◆ What to do
The lines to copy run from the one containing "نیروهای امنیتی افغان" to the end of the records below; repeat them exactly and include nothing else.
++++++++
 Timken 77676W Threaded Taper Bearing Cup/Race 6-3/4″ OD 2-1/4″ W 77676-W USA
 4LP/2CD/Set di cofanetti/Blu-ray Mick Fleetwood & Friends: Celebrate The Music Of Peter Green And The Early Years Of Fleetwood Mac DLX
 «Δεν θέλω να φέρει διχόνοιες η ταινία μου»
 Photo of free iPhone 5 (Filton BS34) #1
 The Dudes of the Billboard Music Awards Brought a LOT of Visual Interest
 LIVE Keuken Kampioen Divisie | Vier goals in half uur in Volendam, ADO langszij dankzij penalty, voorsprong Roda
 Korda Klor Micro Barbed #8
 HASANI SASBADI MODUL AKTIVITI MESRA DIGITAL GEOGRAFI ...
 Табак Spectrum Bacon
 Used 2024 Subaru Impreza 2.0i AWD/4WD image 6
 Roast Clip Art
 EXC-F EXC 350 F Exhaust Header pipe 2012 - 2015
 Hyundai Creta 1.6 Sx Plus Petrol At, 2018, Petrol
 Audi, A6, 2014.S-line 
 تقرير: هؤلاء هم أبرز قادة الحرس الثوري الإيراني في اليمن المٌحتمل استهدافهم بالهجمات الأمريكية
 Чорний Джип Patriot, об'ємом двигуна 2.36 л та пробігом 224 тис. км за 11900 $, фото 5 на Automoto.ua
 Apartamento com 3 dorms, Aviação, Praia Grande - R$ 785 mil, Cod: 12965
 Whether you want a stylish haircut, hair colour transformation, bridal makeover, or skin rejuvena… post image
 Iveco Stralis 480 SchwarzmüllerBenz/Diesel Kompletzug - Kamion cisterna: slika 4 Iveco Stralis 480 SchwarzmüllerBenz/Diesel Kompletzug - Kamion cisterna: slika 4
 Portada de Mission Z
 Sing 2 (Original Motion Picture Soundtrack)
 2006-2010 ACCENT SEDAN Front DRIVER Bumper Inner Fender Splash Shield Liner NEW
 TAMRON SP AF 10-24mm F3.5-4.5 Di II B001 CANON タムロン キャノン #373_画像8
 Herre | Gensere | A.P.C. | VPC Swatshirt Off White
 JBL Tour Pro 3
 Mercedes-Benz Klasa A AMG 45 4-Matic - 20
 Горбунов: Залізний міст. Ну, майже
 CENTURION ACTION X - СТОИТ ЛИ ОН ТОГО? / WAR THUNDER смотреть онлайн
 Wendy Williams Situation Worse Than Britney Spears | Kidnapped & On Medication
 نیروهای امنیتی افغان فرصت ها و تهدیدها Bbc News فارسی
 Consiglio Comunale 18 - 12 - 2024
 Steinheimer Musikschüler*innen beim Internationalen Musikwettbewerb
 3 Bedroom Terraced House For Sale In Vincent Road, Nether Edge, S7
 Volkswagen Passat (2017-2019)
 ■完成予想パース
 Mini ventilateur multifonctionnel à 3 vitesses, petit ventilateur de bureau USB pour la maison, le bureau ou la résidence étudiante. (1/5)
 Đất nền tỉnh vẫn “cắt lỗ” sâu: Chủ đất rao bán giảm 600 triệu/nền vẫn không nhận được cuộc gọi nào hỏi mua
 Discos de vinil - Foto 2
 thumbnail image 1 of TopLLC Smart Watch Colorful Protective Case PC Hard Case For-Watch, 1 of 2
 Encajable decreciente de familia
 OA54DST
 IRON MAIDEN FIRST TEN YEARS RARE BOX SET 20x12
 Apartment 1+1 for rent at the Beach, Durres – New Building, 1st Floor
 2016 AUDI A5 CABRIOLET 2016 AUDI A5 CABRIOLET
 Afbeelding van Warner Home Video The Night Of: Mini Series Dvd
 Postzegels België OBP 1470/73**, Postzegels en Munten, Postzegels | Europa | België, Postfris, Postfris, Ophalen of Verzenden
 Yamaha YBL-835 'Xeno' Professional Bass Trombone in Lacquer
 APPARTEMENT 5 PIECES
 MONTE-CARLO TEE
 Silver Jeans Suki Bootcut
++++++++
◆ Reply
 نیروهای امنیتی افغان فرصت ها و تهدیدها Bbc News فارسی
 Consiglio Comunale 18 - 12 - 2024
 Steinheimer Musikschüler*innen beim Internationalen Musikwettbewerb
 3 Bedroom Terraced House For Sale In Vincent Road, Nether Edge, S7
 Volkswagen Passat (2017-2019)
 ■完成予想パース
 Mini ventilateur multifonctionnel à 3 vitesses, petit ventilateur de bureau USB pour la maison, le bureau ou la résidence étudiante. (1/5)
 Đất nền tỉnh vẫn “cắt lỗ” sâu: Chủ đất rao bán giảm 600 triệu/nền vẫn không nhận được cuộc gọi nào hỏi mua
 Discos de vinil - Foto 2
 thumbnail image 1 of TopLLC Smart Watch Colorful Protective Case PC Hard Case For-Watch, 1 of 2
 Encajable decreciente de familia
 OA54DST
 IRON MAIDEN FIRST TEN YEARS RARE BOX SET 20x12
 Apartment 1+1 for rent at the Beach, Durres – New Building, 1st Floor
 2016 AUDI A5 CABRIOLET 2016 AUDI A5 CABRIOLET
 Afbeelding van Warner Home Video The Night Of: Mini Series Dvd
 Postzegels België OBP 1470/73**, Postzegels en Munten, Postzegels | Europa | België, Postfris, Postfris, Ophalen of Verzenden
 Yamaha YBL-835 'Xeno' Professional Bass Trombone in Lacquer
 APPARTEMENT 5 PIECES
 MONTE-CARLO TEE
 Silver Jeans Suki Bootcut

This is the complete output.